*Work instructions*: Please print out every entry below, verbatim.

*Data for this task*:
********************

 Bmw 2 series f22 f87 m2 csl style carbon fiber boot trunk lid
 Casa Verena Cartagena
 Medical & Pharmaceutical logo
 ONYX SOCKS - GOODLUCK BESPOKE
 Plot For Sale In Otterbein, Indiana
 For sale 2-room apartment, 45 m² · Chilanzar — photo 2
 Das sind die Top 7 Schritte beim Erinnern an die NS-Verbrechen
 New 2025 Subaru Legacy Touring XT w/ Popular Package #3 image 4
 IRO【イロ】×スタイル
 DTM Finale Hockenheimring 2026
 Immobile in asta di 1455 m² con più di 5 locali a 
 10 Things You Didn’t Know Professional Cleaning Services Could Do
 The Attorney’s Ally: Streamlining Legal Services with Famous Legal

********************

*Response to the task*:
 Bmw 2 series f22 f87 m2 csl style carbon fiber boot trunk lid
 Casa Verena Cartagena
 Medical & Pharmaceutical logo
 ONYX SOCKS - GOODLUCK BESPOKE
 Plot For Sale In Otterbein, Indiana
 For sale 2-room apartment, 45 m² · Chilanzar — photo 2
 Das sind die Top 7 Schritte beim Erinnern an die NS-Verbrechen
 New 2025 Subaru Legacy Touring XT w/ Popular Package #3 image 4
 IRO【イロ】×スタイル
 DTM Finale Hockenheimring 2026
 Immobile in asta di 1455 m² con più di 5 locali a 
 10 Things You Didn’t Know Professional Cleaning Services Could Do
 The Attorney’s Ally: Streamlining Legal Services with Famous Legal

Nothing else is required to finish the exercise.